Ruby 1.8 と 1.9 の両方で動作する簡易 CSV 形式データ処理を考える。

本記事で対象とするのはとても単純な一行の CSV 形式データを処理するプログラムです。

とあるプログラムで必要になって制作を強いられたので、そのときの情報を整理して書いておこうと思います。

CSV 形式のデータとは、カンマ区切りのデータのことです。CSV は Comma Separated Values(カンマで区切られた値)の略です。

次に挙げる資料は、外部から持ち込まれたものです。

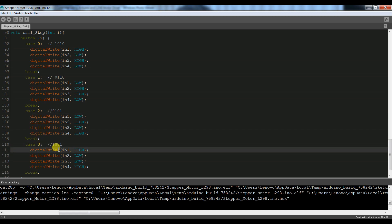Step Z1, step 2, step 3, step 4 — these are the important steps. Step 4, step 3, step 2, step 1 — if we call them in reverse, this is anti-clockwise movement. So this was our code, now we upload it.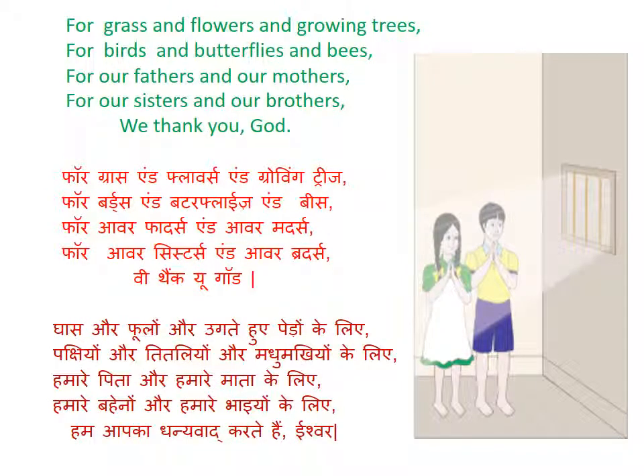For grass and flowers and growing trees, for birds and butterflies and bees, for our fathers and our mothers, for our sisters and our brothers, we thank you God.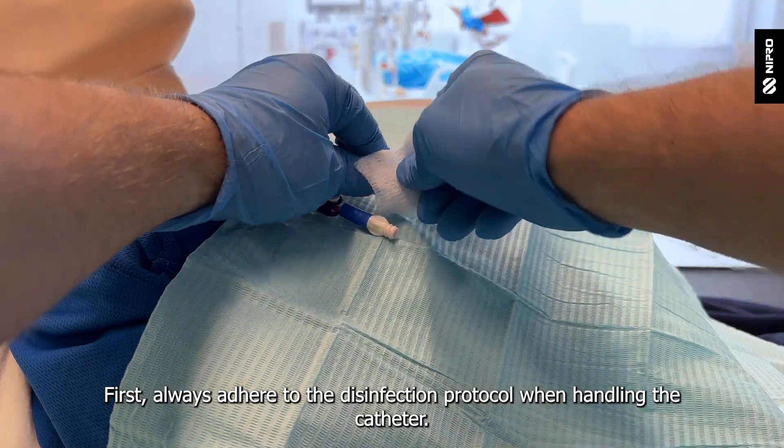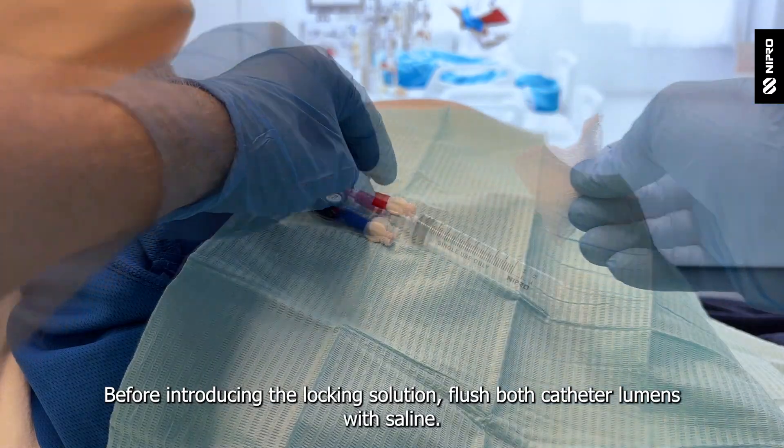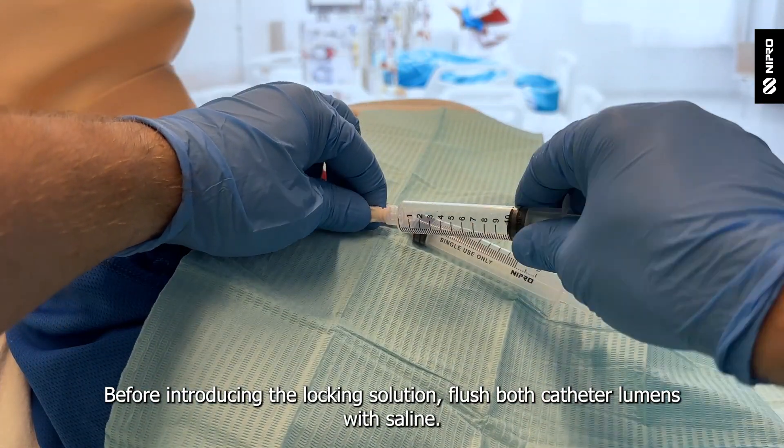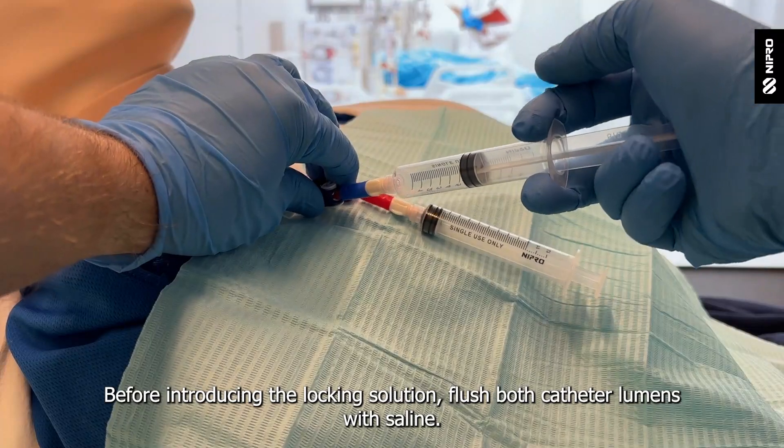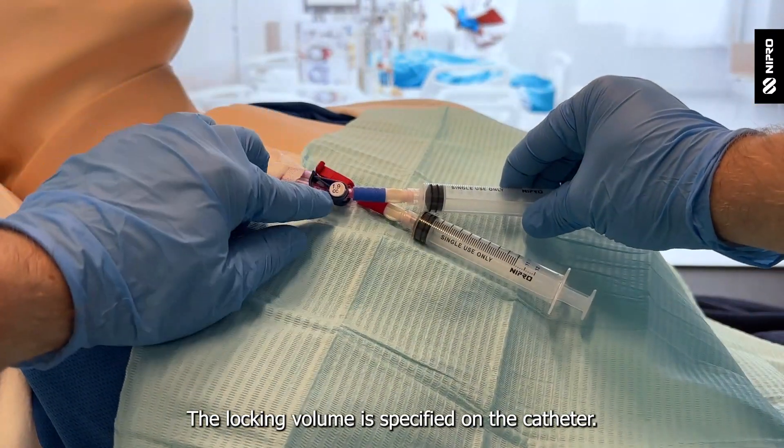First, always adhere to the disinfection protocol when handling the catheter. Before introducing the locking solution, flush both catheter lumens with saline. The locking volume is specified on the catheter.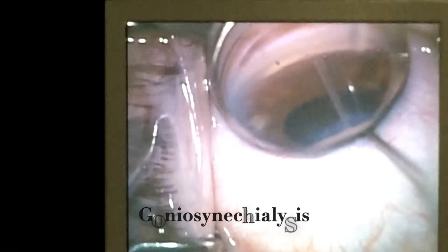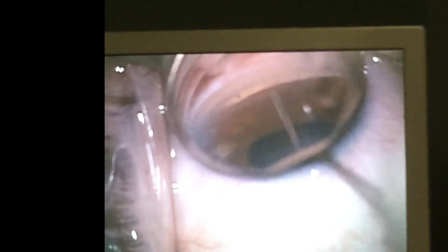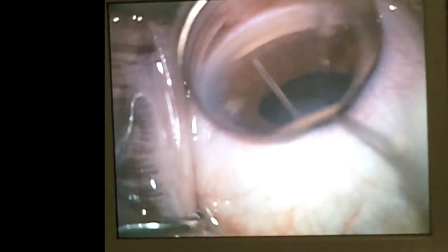Usually synechial adhesions will be present, and these need to be tackled at both the pupillary margin and in the angle. Both can be done using viscodissection, as is being demonstrated in this video.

もしも似たような問題にぶつかることがあったら、この記事を参考の一つにしてみてください。


なぜこの記事を書いたのか?

Ruby の標準添付ライブラリには csv という CSV 形式を扱うライブラリが存在します。

これを使えば簡単と最初は思っていました。

しかし、実際に使ってみると Ruby 1.8 と 1.9 の csv ライブラリには互換性がないことがわかりました。

以下に Ruby 1.8.7 と 1.9.2 両方の csv ライブラリドキュメントへのリンクを貼っておくので、CSV 形式のデータを解析して配列で値を取得する parse メソッドのインターフェイスを調べてみてください。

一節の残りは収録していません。